TOKYO — Criticism of a controversial Japanese movie about convicted war criminal Gen. Hideki Tojo escalated Monday with North Korea calling the pic a “shameless” attempt to embellish Japanese militarism.
Domestic criticism of the film “Pride, the Fateful Moment” has been growing since Japanese moviehouse Toei greenlit the project to make the Tojo picture. The movie is scheduled for release this summer, 50 years after Tojo was hanged for war crimes.
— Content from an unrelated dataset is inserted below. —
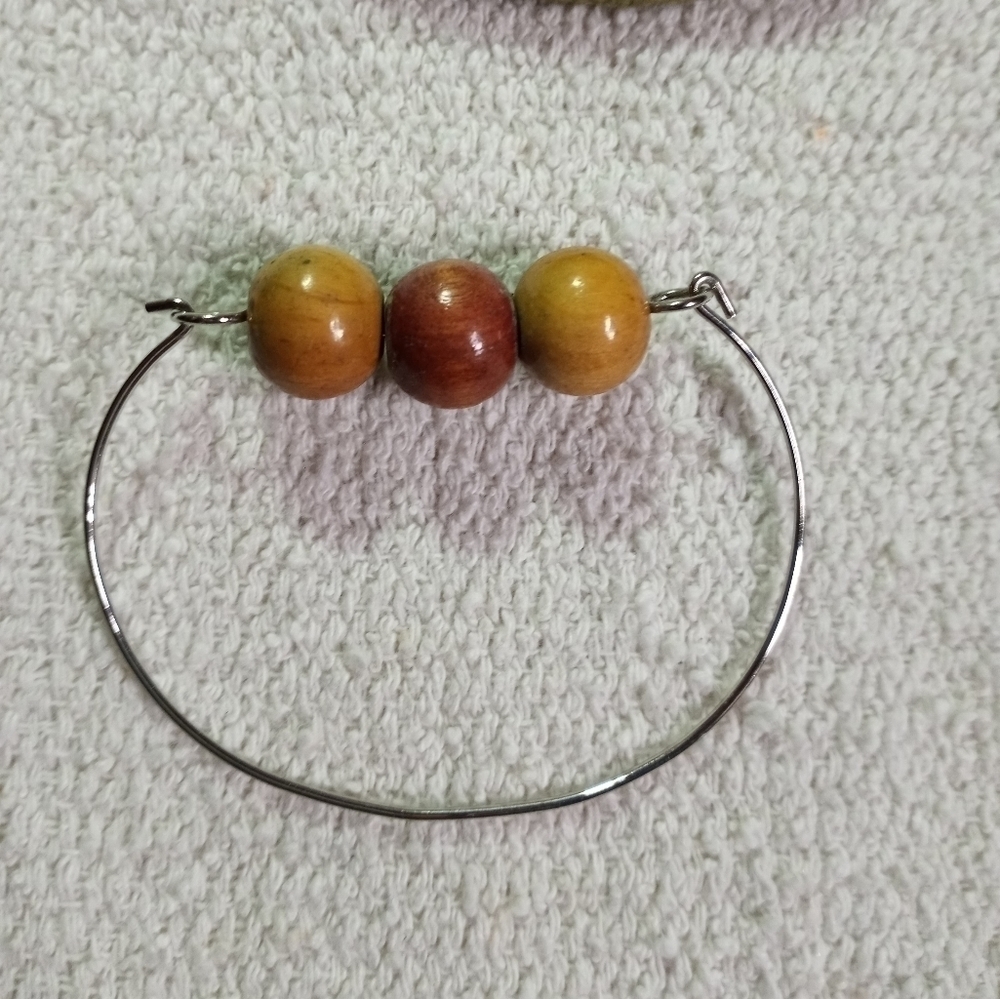 Silvertone wood beads bracelet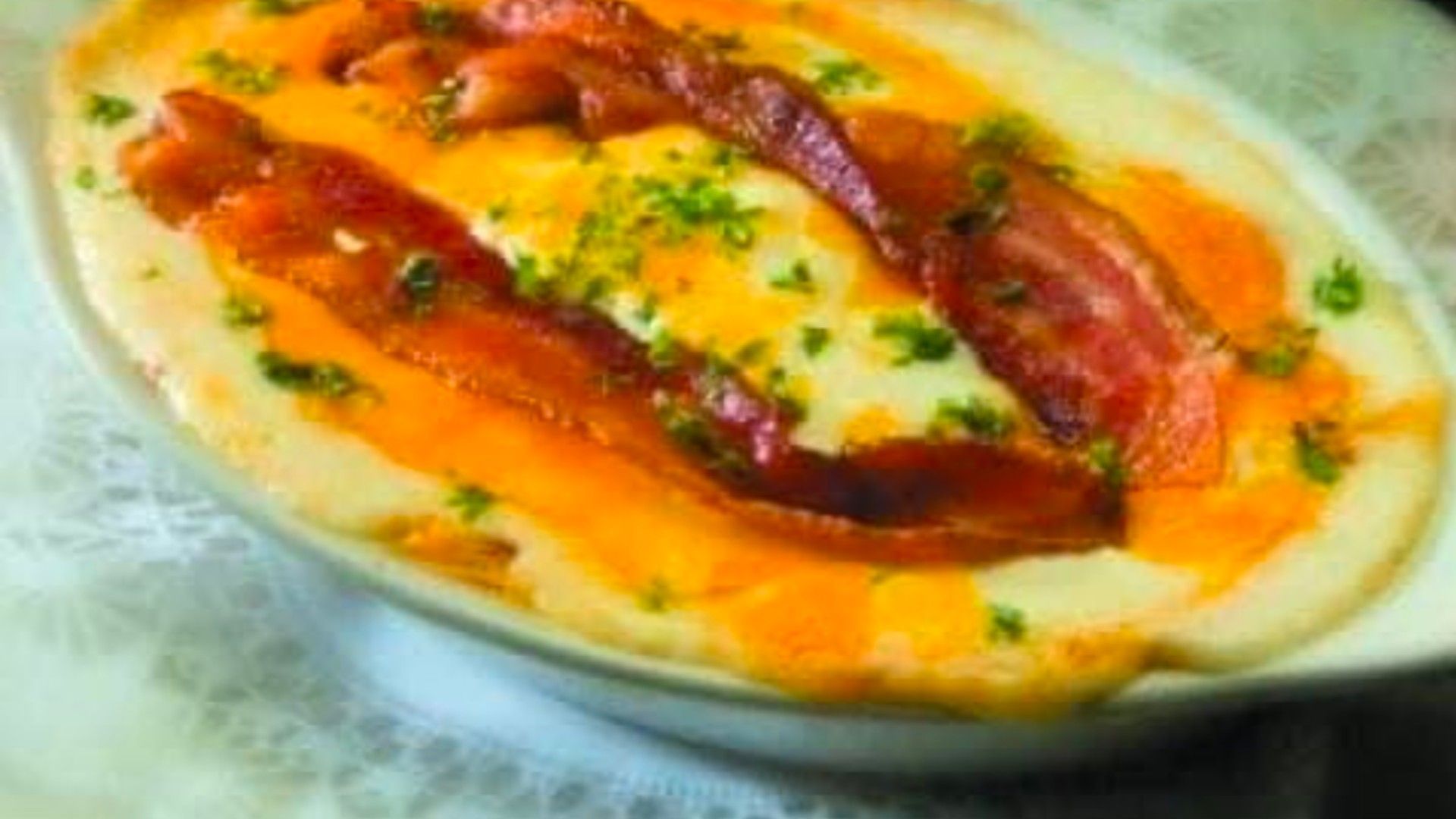 Hot Brown from Bristol Bar &amp; Grille (Image via Instagram/@bristolbarandgrilleky)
The report from the Korean Central News Agency (KCNA) slammed Japan for distorting and denying Japan’s military invasion of Asia, which it called an “indelible, shocking crime.” It accused the movie of being an attempt “to embellish the past war of aggression.”
“Their act proves to be shameless,” KCNA reported.
Toei spent about $11 million to make “Pride,” which is about three to four times the cost of a typical Japanese movie. Much of the money came from Isao Nakamura, a company owner who believes Tojo was not given a fair shake by the Tokyo war crimes tribunal.
Toei said it is releasing the film to “correct mistaken perceptions about Tojo.” The film stars veteran actor Masahiko Tsugawa. U.S. actors Ronny Cox and Scott Wilson are also in the Tojo pic.